#### What this task involves
The entries below hold a line with "Used 2021 Jeep" and a line with "mercedes-benz-classe-a-2024-hibrido-1332cc". Return those lines and all that lie between them, exactly and only.

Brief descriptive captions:
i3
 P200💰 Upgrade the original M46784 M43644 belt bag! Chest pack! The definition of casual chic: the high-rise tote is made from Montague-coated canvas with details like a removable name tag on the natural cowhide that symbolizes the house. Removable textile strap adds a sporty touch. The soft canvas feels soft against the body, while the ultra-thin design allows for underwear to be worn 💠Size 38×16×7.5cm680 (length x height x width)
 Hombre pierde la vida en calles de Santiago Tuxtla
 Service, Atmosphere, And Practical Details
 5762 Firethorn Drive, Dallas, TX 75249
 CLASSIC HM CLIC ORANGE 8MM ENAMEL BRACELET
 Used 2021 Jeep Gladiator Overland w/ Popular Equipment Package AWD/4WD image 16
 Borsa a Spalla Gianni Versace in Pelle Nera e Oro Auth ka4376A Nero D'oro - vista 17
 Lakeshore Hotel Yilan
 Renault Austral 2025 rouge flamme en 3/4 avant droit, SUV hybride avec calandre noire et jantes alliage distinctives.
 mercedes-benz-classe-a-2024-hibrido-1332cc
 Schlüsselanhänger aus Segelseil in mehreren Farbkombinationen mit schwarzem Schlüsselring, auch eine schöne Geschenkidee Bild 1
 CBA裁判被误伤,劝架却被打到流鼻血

#### Response to the exercise
 Used 2021 Jeep Gladiator Overland w/ Popular Equipment Package AWD/4WD image 16
 Borsa a Spalla Gianni Versace in Pelle Nera e Oro Auth ka4376A Nero D'oro - vista 17
 Lakeshore Hotel Yilan
 Renault Austral 2025 rouge flamme en 3/4 avant droit, SUV hybride avec calandre noire et jantes alliage distinctives.
 mercedes-benz-classe-a-2024-hibrido-1332cc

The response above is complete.